Ojalá estuviera mi Sebastián aquí, piensa Ana María. Pero Sebastián está en el frente, en el Jarama, reclutado a la fuerza como toda una generación de labriegos y pastores. Apenas conoce al niño de un par de días de permiso, hace ya algún tiempo.

Sebastián se las ha arreglado para hacer llegar el paquete a su mujer. Lo trajo Diego López, del cortijo del Lanchar, en la sierra, que servía con Sebastián y le han dado licencia porque una granada le voló dos dedos. Ana María está feliz. Sebastián se acuerda de ella y del pequeño, la guerra no le ha cambiado y sigue siendo el hombre risueño y de buen corazón del que se enamoró, o al menos eso cree ella.

Dentro del paquete hay una lata de almíbar hurtada de alguna cocina de campaña, unas letras para ella y para la familia dónde dice estar bien, que la guerra es muy dura y que está deseando que ganen ellos o los otros, que es la única manera de volver a casa. También hay un regalo para el pequeño, un presente para su apenas conocido hijo. Es un tamborcillo rojo con los bordes dorados.
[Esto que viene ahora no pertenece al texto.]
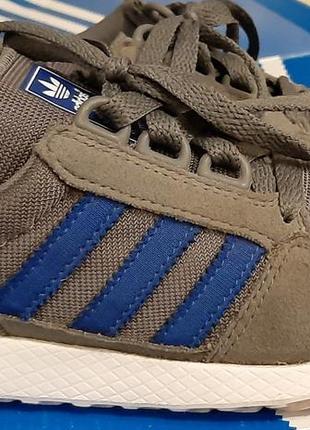 Кроссовки adidas original. состояние новых. размер 29.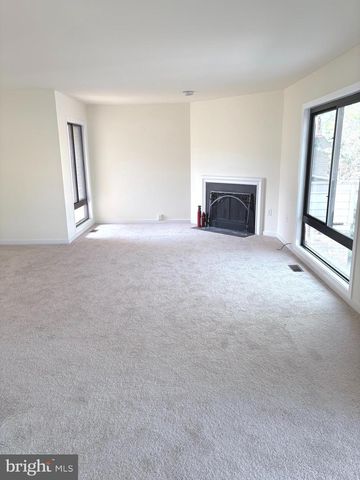 9711 LAKE SHORE DR, Montgomery Village, MD 20886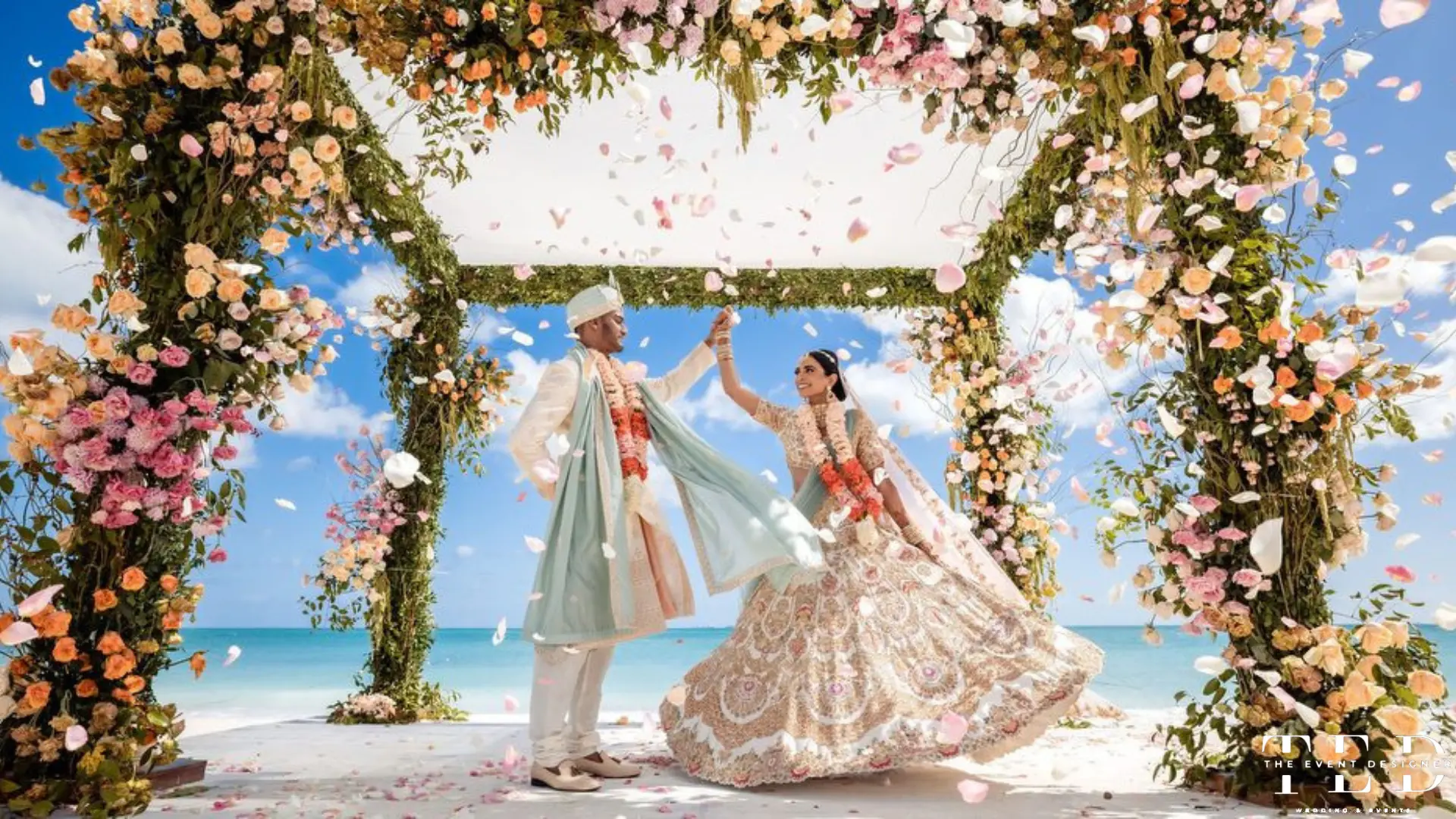 Read more about the article 5 Reasons Why You Should Hire a Wedding Planner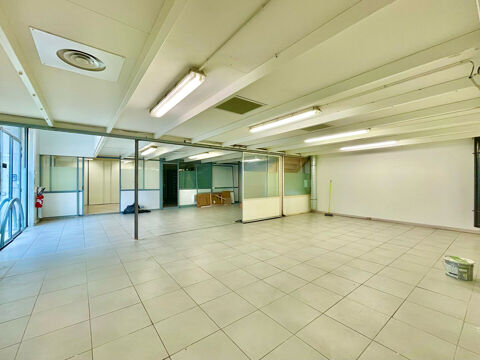 Fonds de commerce 237000 30000 Nimes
Ana María aparta la lata y vuelve a leer la carta unas diez veces, siguiendo con el dedo las líneas, asegurándose que el contenido no cambia a cada nueva lectura y las buenas noticias siguen siendo buenas. Le gustaría poder contestar la carta pero no tiene la certeza de que llegue a su destino, ya que las contestaciones de Sebastián no parecen tener coherencia con lo que ella le escribe, y piensa que no llega a leer sus cartas, o quizá está confuso, fatigado, y escribe sin pensar en contestar a nada en concreto, solo para desahogarse.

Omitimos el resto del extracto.